From: Frederic Griffoul
Date: Tue Jun 11 2024 - 04:59:15 EST


On Mon, Jun 10, 2024 at 8:32 PM Alex Williamson
<alex.williamson@xxxxxxxxxx> wrote:
>
> On Mon, 10 Jun 2024 12:57:08 +0000
> Fred Griffoul <fgriffo@xxxxxxxxxxxx> wrote:
>
> > The usual way to configure a device interrupt from userland is to write
> > the /proc/irq/<irq>/smp_affinity or smp_affinity_list files. When using
> > vfio to implement a device driver or a virtual machine monitor, this may
> > not be ideal: the process managing the vfio device interrupts may not be
> > granted root privilege, for security reasons. Thus it cannot directly
> > control the interrupt affinity and has to rely on an external command.
> >
> > This patch extends the VFIO_DEVICE_SET_IRQS ioctl() with a new data flag
> > to specify the affinity of interrupts of a vfio pci device.
> >
> > The CPU affinity mask argument must be a subset of the process cpuset,
> > otherwise an error -EPERM is returned.
> >
> > The vfio_irq_set argument shall be set-up in the following way:
> >
> > - the 'flags' field have the new flag VFIO_IRQ_SET_DATA_AFFINITY set
> > as well as VFIO_IRQ_SET_ACTION_TRIGGER.
> >
> > - the variable-length 'data' field is a cpu_set_t structure, as
> > for the sched_setaffinity() syscall, the size of which is derived
> > from 'argsz'.
> >
> > Signed-off-by: Fred Griffoul <fgriffo@xxxxxxxxxxxx>
> > ---
> > drivers/vfio/pci/vfio_pci_core.c | 27 +++++++++++++++++----
> > drivers/vfio/pci/vfio_pci_intrs.c | 39 +++++++++++++++++++++++++++++++
> > drivers/vfio/vfio_main.c | 13 +++++++----
> > include/uapi/linux/vfio.h | 10 +++++++-
> > 4 files changed, 80 insertions(+), 9 deletions(-)
> >
> > diff --git a/drivers/vfio/pci/vfio_pci_core.c b/drivers/vfio/pci/vfio_pci_core.c
> > index 80cae87fff36..2e3419560480 100644
> > --- a/drivers/vfio/pci/vfio_pci_core.c
> > +++ b/drivers/vfio/pci/vfio_pci_core.c
> > @@ -1192,6 +1192,7 @@ static int vfio_pci_ioctl_set_irqs(struct vfio_pci_core_device *vdev,
> > {
> > unsigned long minsz = offsetofend(struct vfio_irq_set, count);
> > struct vfio_irq_set hdr;
> > + cpumask_var_t mask;
> > u8 *data = NULL;
> > int max, ret = 0;
> > size_t data_size = 0;
> > @@ -1207,9 +1208,22 @@ static int vfio_pci_ioctl_set_irqs(struct vfio_pci_core_device *vdev,
> > return ret;
> >
> > if (data_size) {
> > - data = memdup_user(&arg->data, data_size);
> > - if (IS_ERR(data))
> > - return PTR_ERR(data);
> > + if (hdr.flags & VFIO_IRQ_SET_DATA_AFFINITY) {
> > + if (!zalloc_cpumask_var(&mask, GFP_KERNEL))
> > + return -ENOMEM;
> > +
> > + if (copy_from_user(mask, &arg->data, data_size)) {
> > + ret = -EFAULT;
> > + goto out;
> > + }
> > +
> > + data = (u8 *)mask;
>
> Seems like this could just use the memdup_user() path, why do we care
> to copy it into a cpumask_var_t here?
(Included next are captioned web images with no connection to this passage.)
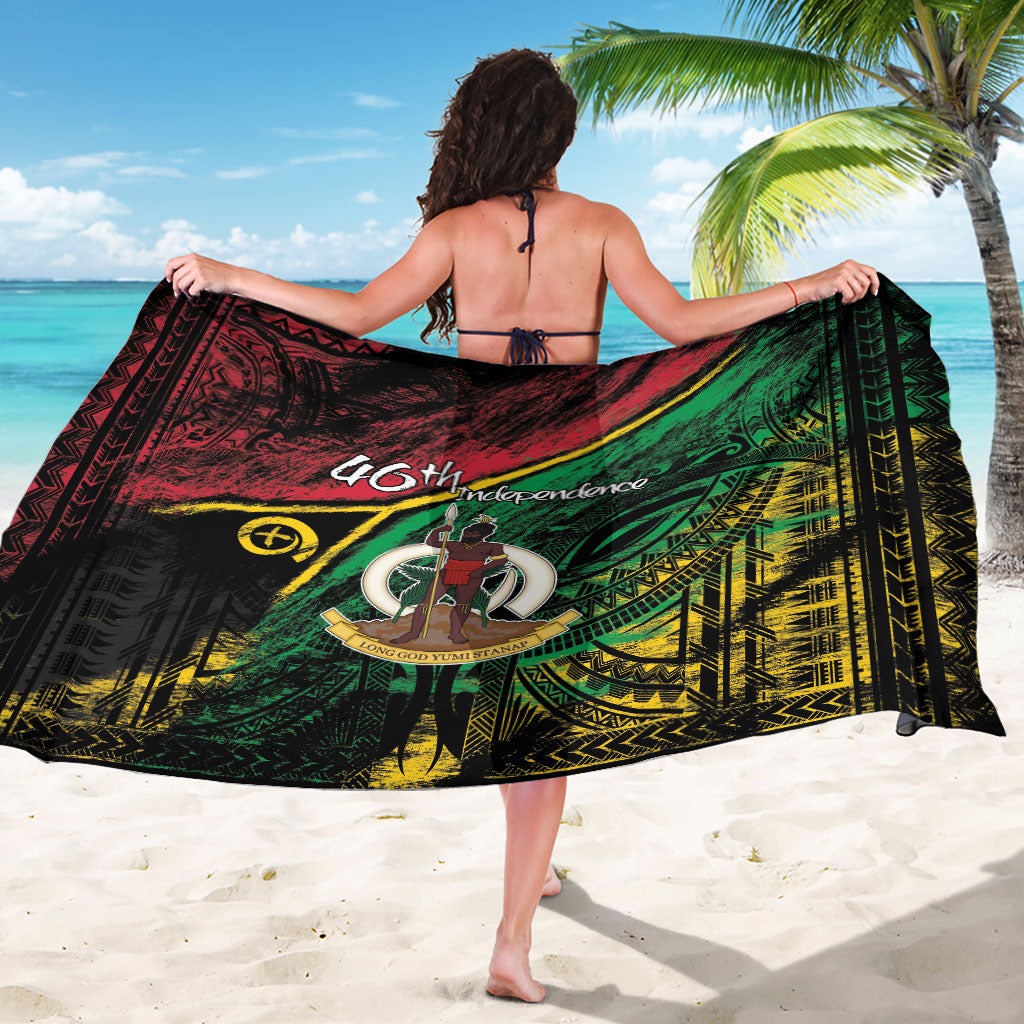 Vanuatu 46th Year Anniversary Sarong Vintage Grunge Vanuatu Flag Heritage LT9 - Polynesian Pride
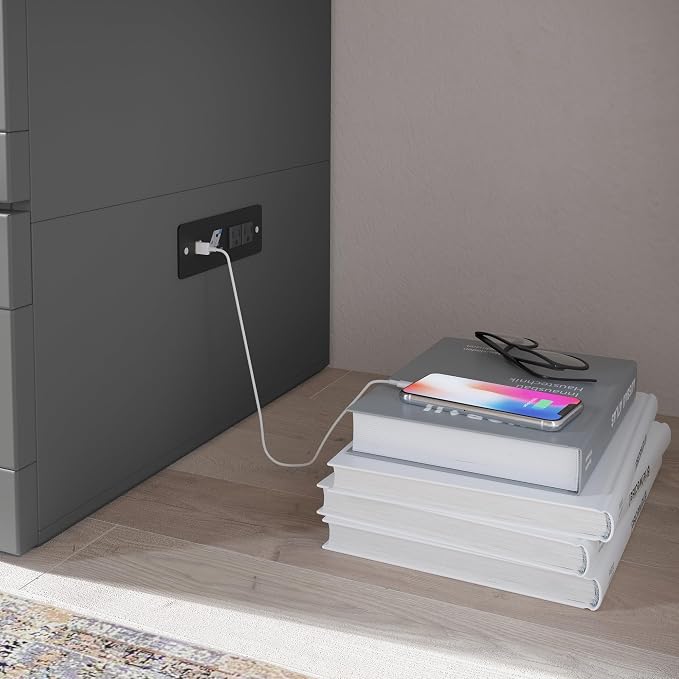 AFI, Southampton Murphy Bed Chest Full with 6" Mattress, Built-in USB Charger & Storage Drawer, Grey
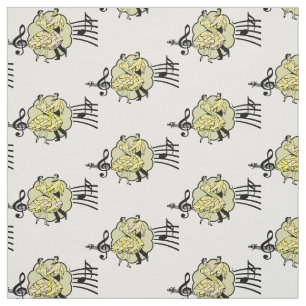Tissu Danse carré Couple Jaune Chèque Musique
If we do care, wouldn't we
> implement something like get_user_cpu_mask() used by
> sched_setaffinity(2)?
>

A valid cpu_set_t argument could be smaller than a cpumask_var_t so we
have to allocate a cpumask_var_t and zero it if the argument size is smaller.
Moreover depending on the kernel configuration the cpumask_var_t could
be allocated on the stack, avoiding an actual memory allocation.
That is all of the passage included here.